The first bottleneck is normally diskspace, not disk I/O. Those logs pile up very quickly, depending on how long you retain them.

The raw network and disk I/O, however, are rarely of concern. Before you approach either limit you're already logging to the tune of ~300G per hour - and have probably switched to a distributed architecture of some sort long ago.

Writing broad streams of sequential text is very cheap.

Making sense of what you wrote, ideally before actually writing it, but at the very least before being forced to purge it due to storage constraints, is the difficult part. ;-)

d4rt · on Oct 5, 2010

I've had to up the maximum simultaneous connections, but otherwise I've been able to log extremely large volumes of data from 1,000s of machines, with syslog-ng. I'd assume the same is true with rsyslog.

Looking at limits on open files, and considering tcp timeouts and cookies were all we needed. Total volume was in the order of high 10s of GB.

If you want to unpack offline, contact details are in my profile.

gmcquillan · on Oct 5, 2010

It definitely helped to separate the incoming queue from the actions queue on the central loghost. Unfortunately, I don't have good data comparing the two. At this time, our loghost is an EC2small, so relatively susceptible to I/O disruption, and we haven't had any problems.

If you're running a whole datacenter's worth of logs into your loghost, then you might want to consider a distributed approach. For medium sized companies, I don't see why rsyslog wouldn't do the trick.

illumin8 · on Oct 5, 2010

It depends - if you're logging from thousands of machines or services, you might want to use UDP logging. Then, provided you don't saturate the network connection, you should be fine. UDP is connectionless, so you definitely won't have as much overhead.

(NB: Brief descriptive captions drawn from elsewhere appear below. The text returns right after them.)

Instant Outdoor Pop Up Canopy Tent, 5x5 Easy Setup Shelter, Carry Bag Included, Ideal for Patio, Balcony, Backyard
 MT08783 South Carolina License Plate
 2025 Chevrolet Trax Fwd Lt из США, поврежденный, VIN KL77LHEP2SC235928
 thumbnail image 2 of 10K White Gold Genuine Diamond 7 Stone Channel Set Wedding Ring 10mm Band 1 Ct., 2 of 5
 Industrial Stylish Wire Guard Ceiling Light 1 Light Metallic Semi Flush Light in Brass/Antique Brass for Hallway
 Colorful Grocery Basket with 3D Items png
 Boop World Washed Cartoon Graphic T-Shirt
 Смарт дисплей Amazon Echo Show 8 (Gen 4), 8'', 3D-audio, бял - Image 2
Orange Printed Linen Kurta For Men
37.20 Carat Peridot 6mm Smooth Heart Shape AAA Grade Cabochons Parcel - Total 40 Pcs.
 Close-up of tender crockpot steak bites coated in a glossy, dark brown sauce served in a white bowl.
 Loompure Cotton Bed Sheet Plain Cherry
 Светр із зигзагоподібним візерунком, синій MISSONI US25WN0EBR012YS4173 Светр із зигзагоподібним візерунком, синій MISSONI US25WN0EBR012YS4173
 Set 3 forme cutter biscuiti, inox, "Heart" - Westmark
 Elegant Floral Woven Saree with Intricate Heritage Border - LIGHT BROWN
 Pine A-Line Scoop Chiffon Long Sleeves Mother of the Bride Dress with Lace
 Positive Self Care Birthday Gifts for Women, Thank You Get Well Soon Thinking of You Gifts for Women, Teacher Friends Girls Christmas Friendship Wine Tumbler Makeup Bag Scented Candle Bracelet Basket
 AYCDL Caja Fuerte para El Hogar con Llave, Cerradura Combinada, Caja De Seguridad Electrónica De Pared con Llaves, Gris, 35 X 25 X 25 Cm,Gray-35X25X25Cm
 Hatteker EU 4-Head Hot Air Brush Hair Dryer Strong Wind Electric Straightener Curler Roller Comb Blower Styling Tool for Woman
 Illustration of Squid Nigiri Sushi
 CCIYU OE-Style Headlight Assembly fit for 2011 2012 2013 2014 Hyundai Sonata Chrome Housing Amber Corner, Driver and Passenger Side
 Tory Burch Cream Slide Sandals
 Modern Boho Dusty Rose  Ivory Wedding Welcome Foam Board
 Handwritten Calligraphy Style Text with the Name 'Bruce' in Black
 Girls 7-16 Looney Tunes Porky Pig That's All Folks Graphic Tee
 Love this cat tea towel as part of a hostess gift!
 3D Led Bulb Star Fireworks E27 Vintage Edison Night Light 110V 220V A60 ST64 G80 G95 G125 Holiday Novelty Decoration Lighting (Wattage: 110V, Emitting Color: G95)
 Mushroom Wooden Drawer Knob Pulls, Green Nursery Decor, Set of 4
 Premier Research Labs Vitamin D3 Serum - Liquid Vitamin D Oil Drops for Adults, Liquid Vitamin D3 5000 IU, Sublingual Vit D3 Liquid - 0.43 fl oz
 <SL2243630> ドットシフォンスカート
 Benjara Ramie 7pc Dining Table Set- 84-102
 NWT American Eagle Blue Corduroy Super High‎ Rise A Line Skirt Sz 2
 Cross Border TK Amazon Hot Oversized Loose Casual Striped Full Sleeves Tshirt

On the other hand, a lot of high security environments want to encrypt their syslog traffic using something like stunnel, which introduces OpenSSL overhead as well as TCP connection overhead. With thousands of clients and lots of encryption going on you definitely are going to hit some limits sooner rather than later. Check kernel parameter net.ipv4.ip_local_port_range (on Linux) and make sure you have a large enough range to accomodate all of the clients.

mmt · on Oct 5, 2010

Protip: Use syslog-ng.

Besides longer log message (arbitrarily long, with a recompile) and reliable delivery, it obviates my main use for logrotate, since it can be configured to write to a filename (including directory) based on time, date, or other variables.

js2 · on Oct 5, 2010

Protip: look at rsyslog, syslog-ng, and splunk and decide what is right for your environment.

mmt · on Oct 5, 2010

The "pro" that I am is sysadmin, and I'm asserting that evaluating all three is a waste of time.

Splunk, given its cost and complexity, is almost never right for startups.

Non-ng syslog is, on the other hand, so simplistic that it's not worth the effort of fancy configuration. Is there some kind of compelling advantage that I've been overlooking?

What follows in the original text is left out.